Osservare un luogo, leggere e commentare la sua storia comincia a diventare privilegio di pochi. I più fotografano e basta. Si sta in un luogo, si va in giro, si fa qualcosa. Si fotografa. Si coglie qualcosa di carino e lo si fa proprio. Forse fotografare è proprio questo, appropriarsi di un momento, della superficie riflettente di un oggetto, di una persona, di un luogo fisico. Quel pezzo di San Marco diventa anche mio. E condividendolo con gli altri è ancora più mio! Del Ponte dei Sospiri ricordo vagamente la storia, ma adesso ce l’ho sul cellulare e lo posso raccontare! E magari ho una collezione di foto in luoghi pazzeschi, senza conoscerne minimamente la storia e l’anima.
A molti questo basta. E’ un bisogno legittimo, semplice.

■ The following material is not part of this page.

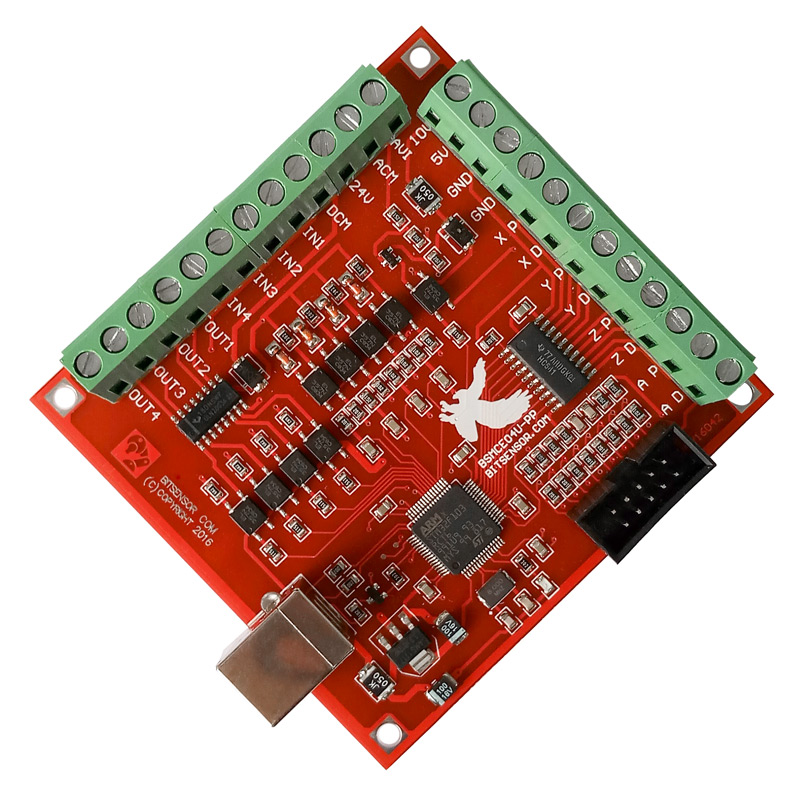 Контроллер CNC USB MACH3 4AXIS – обзор и цена Mach3 Usb Cnc Controller 4 Axis 100Khz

Magari non molto profondo, ma limpido, onesto.
Andare oltre è un’altra storia, roba da fotografi veri, appassionati di un mestiere ormai morto, chi vuole documentare una realtà urbana, un contesto sociale, deve fare una serie di passaggi ulteriori e non sperare di ottenere nulla in cambio, se non la convinzione condivisa che “fotografi fotografi” non ci si improvvisa, semmai si diventa, a poco a poco, raccontando storie vere coi propri scatti. Storie di altri, non certo storie di se.